The problems of neoliberal macroeconomic theory are acknowledged even by The Economist, as are the huge challenges facing global economic ‘management’. No Sunday newspaper is now complete without another book on the crisis, if not death, of liberal democracy. It is generally recognised that the prestige of the US is at its lowest ebb since the 1970s, a caesura next to the ‘American century’. This without mentioning the global pandemic and the larger climate emergency whose visible plumes now waft across California and the Amazon, Siberia and the Mediterranean and soon again, no doubt, Australia. All of these call for a new global order or framework, ways of dealing with deep-seated and very frightening systemic challenges. The US Democrats are working on this. So it is even more frightening that our current government, which denies that any of these problems even exist, now proclaim that the major threat we face is a Chinese Communist menace.
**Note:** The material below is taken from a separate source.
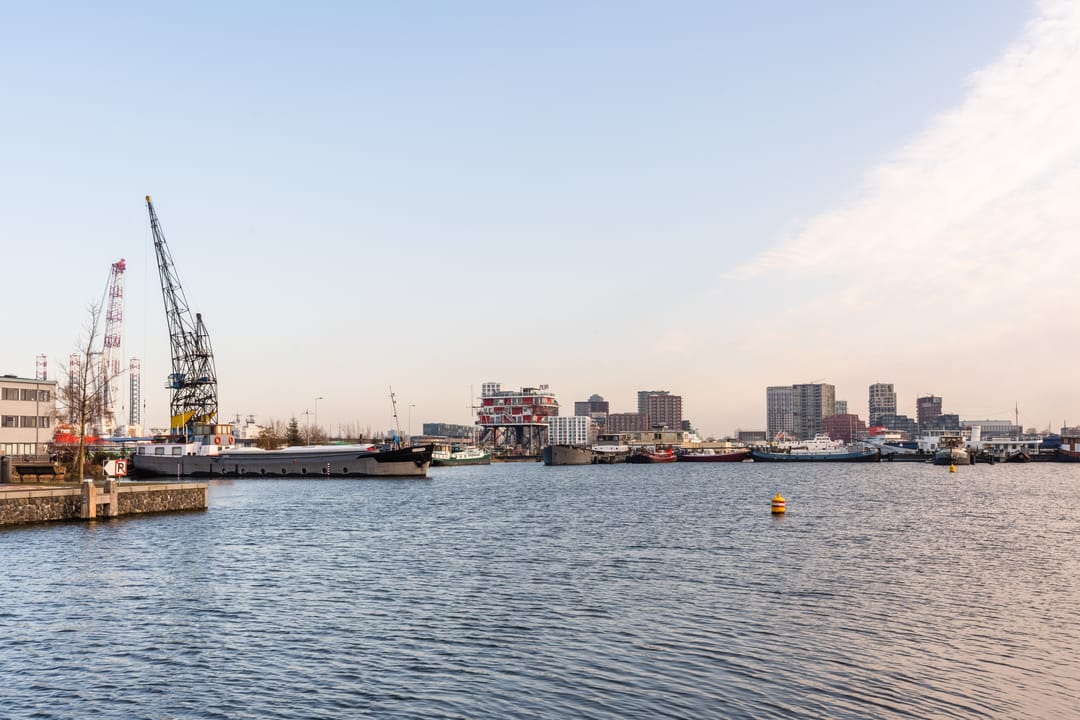 Foto 38 van Haparandadam 2-A6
The levels of fantasy and mendacity involved in this emerging cold war are plain for all to see, once out of the spotlight of a highly manipulated Australian media. The subservience is not just to American foreign policy interests currently articulated by ultra-hawks, but to a Republican party that is hell-bent on returning the US to the policy settings of the pre-New Deal ‘gilded age’ of plutonomy. A Coalition government that seems to have ‘no enemies to the right’, with no climate or viable renewables policy, no industry strategy outside of fossil fuel and mineral extraction, one whose response to the deepest recession since the 1930s is to cut taxes for the rich, deregulate labour and cut red (i.e. green) tape: these are the ones who now, on our behalf, stand up for our Australian values.

Contrasts with the last cold war abound. The contemporary ‘enemy’ has an economy as strong as the US, especially now it is being pushed into hi-tech autarchy. China is asserting its military strength, but this is around its immediate borders. Though there are multiplying zones of tension, nobody seriously thinks China is hellbent on some kind of Imperial Japan-style East Asian empire building. The only empire left is that of the US, with bases all around the Chinese border. Though by 1989 the direct association between the Left and Soviet Russia was long gone, an ideological-historical affinity persisted. You would be hard put to find any kind of ideological or organisational links between the contemporary Left and China. China is more interested in convincing Wall Street and Harvard Business School theorists of its efficient economic management model than it is of inspiring any leftist social movement.

This is a confected ideological re-enactment of 1989-91, even though the ‘enemy’ says it wants to work with us, and from whose enforced retreat into autarchy nobody is set to profit. This coupled with a 1950s anti-Communist witch-hunt, even though there aren’t any communists left – perhaps not even in China! Its basis in foreign policy realism is tenuous, and its implications for Australia’s economic future deeply concerning. It is being promoted for the worst possible reason, which is that the Coalition has no ideas for the future of Australia, its economy or its place in the world.

As with climate change, it wilfully ignores rational examination in favour of clinging to the current settings at all costs. The values for which it is standing up are nothing to do with Hong Kong democracy or ethic autonomy in Xinjiang; they are the values of the Coalition and its clientele networks seeking to continue to do as they like with the nation, equating their own enrichment with the prospects of the nation as a whole. As these economic foundations unravel, a war with China, cold or hot, stifling thought and dissent, pulling people back into line, will do very nicely. For in times of uncertainty and multiple global emergencies, what better idea than all piling into the ute for a night drive to war with China?